登場する子供たちはおそらく年少から年長の園児たちです。
レッジョエミリア・アプローチによる日本に住む子どもたちの実例という点でも、理想的なレッジョのお手本を知りたいという方には大いに参考になると思います。
この本に期待すべきではないこと
一方で、
- レッジョエミリア・アプローチを園に導入するために、体系的で手順立てた詳説や研修方法を求めている
- モンテッソーリなどの他メソッドとの違いを学術的に・科学的に解説してほしい
- 具体的なスキルや、その実践方法を知りたい
という期待をもってこの本を手にとることは、あまりおすすめできません。
たしかに、どんな教室を作るべきか、どんな環境が用意すべきか、どんな挑発を行ったか、という具体的な情報もありますが、それはあくまでレッジョエミリア・アプローチのイメージを掴むために書かれているのであり、園への導入プランを検討するとか、学問としてのレッジョエミリア教育とは何かを知るために書かれたものではないと、感じます。
役立つAmazonレビュー
(前略)著者の独特の言い回しが確かに少し読みにくい(回りくどいというか)ですが、保護者として毎日幼稚園でどのようなことが行われているのか、どういう視点で先生方が子どもたちを見守ってくれているのか、どんな意図があって幼稚園での毎日を過ごしているのか、などなどレッジョエミリアアプローチのことは良く理解することができました。(後略)
先生の視点が分かるということは、どういう視点で保育を行っていくかという目安が分かるということなので、有益ですね。文章はちょっと苦手だったようですが…(笑)

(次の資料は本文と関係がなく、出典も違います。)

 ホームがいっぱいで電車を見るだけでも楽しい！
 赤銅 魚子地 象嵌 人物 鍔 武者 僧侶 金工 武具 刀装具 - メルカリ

(前略)親が準備できる・出来ないがあると思うので、全部読んで、取り入れられるところを取り入れることをオススメします!(後略)
こちらの方も親として読まれた模様。ただ「取り入れるところを取り入れる」という考え方はレッジョアプローチの特徴的な表現でもあるので、引用させていただきました。
(前略)この本よりも倉橋惣三の著書の方が確実に参考になります。
痛烈な批判を、この一文で締めくくっています。倉橋惣三(そうぞう)さんとは明治時代の児童心理学者です。「誘導保育論」を提唱なさった高名な方。園に配置する遊具や環境を整えることで園児の遊びに刺激を与えて、自発性を伸ばしていくといった考えを始め、多くの点からレッジョ・エミリア・アプローチとの親和性が高いと言えます。
今回紹介したような入門編の本を経て、もっと知りたい、関連知識も知りたいと思われた方には、倉橋惣三さんの残された著書も面白いかもしれません。
著者のアレッサンドラ先生について
まとめ
「レッジョエミリア保育って最近たまに聞くけど、一体何なの?」「具体的にどんなことをするのか事例を知りたい!」というニーズには十分応えてくれる、入門レベルから初中級レベルまでの方には、高い品質の実例を知ることができる良書です。